In Germany, a Message-in-a-Bottle Found 108 Years After Its Release
schwit1 writes with a report that an early 20th century experiment has generated a belated data point. One of many floating bottles released 108 years ago to study currents was recently found by a German couple; it washed up on a beach in Amrum, Germany. From The Independent:
When the couple unfurled the note inside, they found a message in English, German and Dutch. It asked the finder to fill in some information on where and when they had found the bottle, before returning it to the Marine Biological Association in Plymouth. It said whoever did so would be rewarded with one shilling. Communications director of the Marine Biological Association, Guy Baker, told The Daily Telegraph: "It was quite a stir when we opened that envelope, as you can imagine." Once at the association, staff recognised the bottle was one of 1,020 released into the North Sea between 1904 and 1906 as part of a project to test the strength of currents. Mr Baker told the paper: "It was a time when they were inventing ways to investigate what currents and fish did. Many of the bottles were found by fishermen trawling with deep sea nets. Others washed up on the shore, and some were never recovered. Most of the bottles were found within a relatively short time. We're talking months rather than decades."

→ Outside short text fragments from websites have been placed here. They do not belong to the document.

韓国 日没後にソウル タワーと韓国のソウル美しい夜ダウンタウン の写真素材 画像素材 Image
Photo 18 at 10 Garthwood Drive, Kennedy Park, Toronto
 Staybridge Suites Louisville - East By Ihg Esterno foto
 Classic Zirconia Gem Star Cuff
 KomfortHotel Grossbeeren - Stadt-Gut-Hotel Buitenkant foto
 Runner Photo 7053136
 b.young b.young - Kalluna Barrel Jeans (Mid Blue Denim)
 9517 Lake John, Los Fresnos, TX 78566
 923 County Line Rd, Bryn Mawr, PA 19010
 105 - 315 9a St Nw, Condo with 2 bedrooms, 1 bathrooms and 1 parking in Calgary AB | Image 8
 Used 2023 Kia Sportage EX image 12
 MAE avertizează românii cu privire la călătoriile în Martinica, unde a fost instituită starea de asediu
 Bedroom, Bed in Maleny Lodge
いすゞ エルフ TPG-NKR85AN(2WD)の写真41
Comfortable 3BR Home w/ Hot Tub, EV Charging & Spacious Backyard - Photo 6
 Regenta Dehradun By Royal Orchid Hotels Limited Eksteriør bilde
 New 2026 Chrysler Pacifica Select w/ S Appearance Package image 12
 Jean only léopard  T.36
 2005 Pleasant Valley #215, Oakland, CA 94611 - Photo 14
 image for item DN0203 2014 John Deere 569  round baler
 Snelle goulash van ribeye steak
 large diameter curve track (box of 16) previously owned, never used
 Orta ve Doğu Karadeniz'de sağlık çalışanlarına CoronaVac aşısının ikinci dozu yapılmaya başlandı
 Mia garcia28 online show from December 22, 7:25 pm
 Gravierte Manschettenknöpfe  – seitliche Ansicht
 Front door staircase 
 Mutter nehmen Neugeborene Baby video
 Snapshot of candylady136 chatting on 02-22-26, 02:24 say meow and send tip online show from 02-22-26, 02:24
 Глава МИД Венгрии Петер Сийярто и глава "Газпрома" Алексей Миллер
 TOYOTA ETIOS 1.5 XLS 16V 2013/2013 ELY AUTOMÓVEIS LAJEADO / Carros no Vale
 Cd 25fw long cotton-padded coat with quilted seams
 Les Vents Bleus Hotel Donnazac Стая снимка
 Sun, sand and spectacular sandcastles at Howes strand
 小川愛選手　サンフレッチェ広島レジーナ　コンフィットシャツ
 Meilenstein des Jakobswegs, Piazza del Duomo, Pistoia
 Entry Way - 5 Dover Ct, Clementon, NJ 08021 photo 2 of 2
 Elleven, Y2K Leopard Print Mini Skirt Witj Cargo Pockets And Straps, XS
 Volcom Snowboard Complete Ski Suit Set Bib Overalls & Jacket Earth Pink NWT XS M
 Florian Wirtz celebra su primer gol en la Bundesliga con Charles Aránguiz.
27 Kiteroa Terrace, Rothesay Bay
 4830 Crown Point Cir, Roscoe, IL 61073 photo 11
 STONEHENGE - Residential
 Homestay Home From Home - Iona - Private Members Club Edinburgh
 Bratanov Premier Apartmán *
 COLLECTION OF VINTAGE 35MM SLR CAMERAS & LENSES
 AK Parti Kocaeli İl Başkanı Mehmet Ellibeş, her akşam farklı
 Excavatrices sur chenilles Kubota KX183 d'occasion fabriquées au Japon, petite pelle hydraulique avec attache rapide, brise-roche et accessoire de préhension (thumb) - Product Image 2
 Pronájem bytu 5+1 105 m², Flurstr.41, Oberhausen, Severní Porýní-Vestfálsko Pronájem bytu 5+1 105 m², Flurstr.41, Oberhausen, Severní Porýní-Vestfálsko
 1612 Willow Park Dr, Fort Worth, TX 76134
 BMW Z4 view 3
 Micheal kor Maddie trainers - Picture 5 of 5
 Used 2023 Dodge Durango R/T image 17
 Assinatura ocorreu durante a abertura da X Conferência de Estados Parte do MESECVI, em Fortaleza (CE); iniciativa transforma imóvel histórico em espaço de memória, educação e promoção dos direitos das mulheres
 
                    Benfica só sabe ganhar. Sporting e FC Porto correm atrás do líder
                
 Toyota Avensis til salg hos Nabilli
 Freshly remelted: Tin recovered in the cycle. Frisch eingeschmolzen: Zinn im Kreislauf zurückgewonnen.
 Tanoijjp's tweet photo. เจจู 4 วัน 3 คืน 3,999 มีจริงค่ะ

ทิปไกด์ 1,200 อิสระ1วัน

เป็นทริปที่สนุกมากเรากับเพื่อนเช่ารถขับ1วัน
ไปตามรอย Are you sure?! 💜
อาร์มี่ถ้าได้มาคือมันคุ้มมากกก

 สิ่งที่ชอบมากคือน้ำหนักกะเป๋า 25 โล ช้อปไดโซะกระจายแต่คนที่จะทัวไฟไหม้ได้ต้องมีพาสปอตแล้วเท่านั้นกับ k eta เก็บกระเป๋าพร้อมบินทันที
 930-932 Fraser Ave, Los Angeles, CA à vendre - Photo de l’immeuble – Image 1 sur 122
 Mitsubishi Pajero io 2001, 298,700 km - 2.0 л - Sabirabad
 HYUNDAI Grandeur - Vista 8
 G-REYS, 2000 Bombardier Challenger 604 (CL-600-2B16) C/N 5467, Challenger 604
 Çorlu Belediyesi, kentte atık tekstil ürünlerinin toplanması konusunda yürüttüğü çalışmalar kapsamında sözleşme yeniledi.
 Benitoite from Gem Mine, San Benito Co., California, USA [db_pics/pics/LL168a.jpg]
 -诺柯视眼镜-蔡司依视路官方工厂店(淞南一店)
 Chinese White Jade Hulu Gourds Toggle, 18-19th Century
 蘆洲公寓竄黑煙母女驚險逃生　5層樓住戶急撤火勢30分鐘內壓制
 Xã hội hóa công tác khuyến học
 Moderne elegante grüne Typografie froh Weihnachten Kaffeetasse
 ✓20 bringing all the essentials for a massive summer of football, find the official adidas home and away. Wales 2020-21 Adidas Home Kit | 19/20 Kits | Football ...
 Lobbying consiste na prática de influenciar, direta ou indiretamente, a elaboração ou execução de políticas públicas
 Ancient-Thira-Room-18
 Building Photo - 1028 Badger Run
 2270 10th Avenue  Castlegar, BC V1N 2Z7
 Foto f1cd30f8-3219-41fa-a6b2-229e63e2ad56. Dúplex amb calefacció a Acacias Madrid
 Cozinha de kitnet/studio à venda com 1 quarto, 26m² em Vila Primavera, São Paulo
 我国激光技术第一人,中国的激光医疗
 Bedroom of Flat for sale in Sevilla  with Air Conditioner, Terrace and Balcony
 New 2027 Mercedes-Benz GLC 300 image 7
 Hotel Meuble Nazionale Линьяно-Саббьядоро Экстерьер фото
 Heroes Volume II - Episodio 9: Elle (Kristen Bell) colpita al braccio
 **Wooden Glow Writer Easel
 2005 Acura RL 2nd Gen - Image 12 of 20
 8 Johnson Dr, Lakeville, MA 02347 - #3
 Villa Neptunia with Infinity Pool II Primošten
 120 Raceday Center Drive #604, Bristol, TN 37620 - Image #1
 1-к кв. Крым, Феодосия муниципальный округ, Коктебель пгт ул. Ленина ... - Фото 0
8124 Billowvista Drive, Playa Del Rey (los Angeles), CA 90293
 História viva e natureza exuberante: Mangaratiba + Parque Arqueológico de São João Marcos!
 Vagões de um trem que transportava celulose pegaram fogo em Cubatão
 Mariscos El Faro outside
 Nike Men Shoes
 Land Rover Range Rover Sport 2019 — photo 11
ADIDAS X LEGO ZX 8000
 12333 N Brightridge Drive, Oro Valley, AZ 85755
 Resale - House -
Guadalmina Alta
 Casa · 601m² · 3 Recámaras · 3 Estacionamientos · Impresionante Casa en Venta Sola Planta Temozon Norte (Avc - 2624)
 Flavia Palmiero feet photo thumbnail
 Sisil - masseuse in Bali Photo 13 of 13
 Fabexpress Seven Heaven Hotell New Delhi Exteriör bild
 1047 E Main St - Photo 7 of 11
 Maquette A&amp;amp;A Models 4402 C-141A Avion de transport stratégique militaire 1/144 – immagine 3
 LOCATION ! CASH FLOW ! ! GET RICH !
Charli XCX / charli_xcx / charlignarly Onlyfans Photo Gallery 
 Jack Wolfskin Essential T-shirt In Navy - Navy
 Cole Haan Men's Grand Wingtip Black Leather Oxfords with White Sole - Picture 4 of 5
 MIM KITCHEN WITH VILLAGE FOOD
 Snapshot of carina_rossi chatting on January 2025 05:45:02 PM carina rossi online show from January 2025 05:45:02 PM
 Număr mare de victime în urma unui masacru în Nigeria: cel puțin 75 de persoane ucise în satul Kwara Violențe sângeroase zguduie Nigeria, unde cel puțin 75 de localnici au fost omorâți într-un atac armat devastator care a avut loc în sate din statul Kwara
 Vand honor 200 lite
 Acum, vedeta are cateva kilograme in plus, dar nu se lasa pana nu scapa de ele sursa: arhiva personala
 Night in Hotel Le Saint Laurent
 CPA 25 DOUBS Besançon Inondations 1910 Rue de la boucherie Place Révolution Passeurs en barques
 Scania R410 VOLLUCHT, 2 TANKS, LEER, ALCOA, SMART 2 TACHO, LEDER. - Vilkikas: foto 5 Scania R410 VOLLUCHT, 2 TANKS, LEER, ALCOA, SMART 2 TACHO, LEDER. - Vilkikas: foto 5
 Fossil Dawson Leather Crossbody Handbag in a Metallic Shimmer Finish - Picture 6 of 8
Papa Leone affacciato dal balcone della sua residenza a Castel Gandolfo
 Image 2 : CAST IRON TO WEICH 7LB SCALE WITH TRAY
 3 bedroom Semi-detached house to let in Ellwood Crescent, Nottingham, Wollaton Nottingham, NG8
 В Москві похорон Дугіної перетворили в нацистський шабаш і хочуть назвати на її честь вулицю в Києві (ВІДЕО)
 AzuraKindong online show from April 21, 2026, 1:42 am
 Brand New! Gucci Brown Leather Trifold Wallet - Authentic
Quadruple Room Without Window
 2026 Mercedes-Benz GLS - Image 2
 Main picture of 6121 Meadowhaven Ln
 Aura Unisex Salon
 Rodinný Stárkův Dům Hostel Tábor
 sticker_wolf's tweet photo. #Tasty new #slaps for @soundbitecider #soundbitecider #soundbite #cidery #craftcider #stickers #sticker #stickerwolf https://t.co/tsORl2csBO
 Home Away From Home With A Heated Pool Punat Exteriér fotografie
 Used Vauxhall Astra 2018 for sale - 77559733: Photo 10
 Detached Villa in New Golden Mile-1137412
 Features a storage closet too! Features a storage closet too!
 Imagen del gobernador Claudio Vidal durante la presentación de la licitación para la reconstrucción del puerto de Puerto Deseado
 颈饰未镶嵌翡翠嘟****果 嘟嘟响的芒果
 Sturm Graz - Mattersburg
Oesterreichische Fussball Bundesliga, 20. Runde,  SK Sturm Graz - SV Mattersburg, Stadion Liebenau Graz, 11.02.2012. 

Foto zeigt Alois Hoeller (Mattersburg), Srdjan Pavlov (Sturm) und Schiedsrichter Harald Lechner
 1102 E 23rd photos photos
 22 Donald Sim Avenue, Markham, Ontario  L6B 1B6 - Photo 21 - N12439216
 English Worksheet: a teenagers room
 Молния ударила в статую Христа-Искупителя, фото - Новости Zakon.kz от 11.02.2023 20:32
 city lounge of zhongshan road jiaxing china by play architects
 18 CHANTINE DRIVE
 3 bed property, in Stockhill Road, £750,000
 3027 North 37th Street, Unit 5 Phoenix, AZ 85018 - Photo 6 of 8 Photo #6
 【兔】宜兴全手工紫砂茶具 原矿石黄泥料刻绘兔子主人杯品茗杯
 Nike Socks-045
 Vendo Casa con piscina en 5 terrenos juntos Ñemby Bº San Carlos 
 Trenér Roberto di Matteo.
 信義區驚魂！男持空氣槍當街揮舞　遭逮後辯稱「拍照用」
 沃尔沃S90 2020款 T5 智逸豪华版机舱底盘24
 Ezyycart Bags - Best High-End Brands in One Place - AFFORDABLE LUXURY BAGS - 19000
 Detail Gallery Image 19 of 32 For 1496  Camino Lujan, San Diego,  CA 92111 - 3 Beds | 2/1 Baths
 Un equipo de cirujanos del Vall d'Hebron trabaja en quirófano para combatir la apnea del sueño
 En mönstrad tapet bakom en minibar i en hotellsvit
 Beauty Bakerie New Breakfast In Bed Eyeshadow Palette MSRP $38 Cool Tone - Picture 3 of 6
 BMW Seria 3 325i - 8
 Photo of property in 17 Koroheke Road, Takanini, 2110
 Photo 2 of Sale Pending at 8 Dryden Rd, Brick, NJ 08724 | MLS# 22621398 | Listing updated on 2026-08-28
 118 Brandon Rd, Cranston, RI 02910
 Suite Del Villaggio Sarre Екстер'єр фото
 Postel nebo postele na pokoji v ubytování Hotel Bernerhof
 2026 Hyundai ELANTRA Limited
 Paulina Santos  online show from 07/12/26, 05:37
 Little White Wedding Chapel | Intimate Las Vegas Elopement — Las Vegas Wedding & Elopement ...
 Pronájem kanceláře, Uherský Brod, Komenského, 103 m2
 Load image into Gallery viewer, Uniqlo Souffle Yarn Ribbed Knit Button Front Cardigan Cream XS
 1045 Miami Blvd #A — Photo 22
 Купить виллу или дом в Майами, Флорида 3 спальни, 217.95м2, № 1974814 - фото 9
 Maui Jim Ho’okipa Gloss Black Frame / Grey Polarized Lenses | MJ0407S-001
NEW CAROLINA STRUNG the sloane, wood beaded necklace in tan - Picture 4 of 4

This is one of those situations where a sense of humor could make an interesting story into a great story.
The Marine Biological Association in Plymouth should buy a 1904 shilling (on eBay around $13) and send it to the German couple.
It would be the perfect story ending, generate some good-natured publicity, and the bottle and note are probably antiques of historical value. (Imagine the bottle and note in the Salem maritime museum (Peabody Essex Museum), with the above-mentioned story ending in the description.)
~100 characters, if we're going by how it would've been encoded for digital transmission at the time (5-bit baudot) we have 500 bits. 108 years is 3.4 gigaseconds. Data rate therefore is in the vicinity of 150 nanobit/second.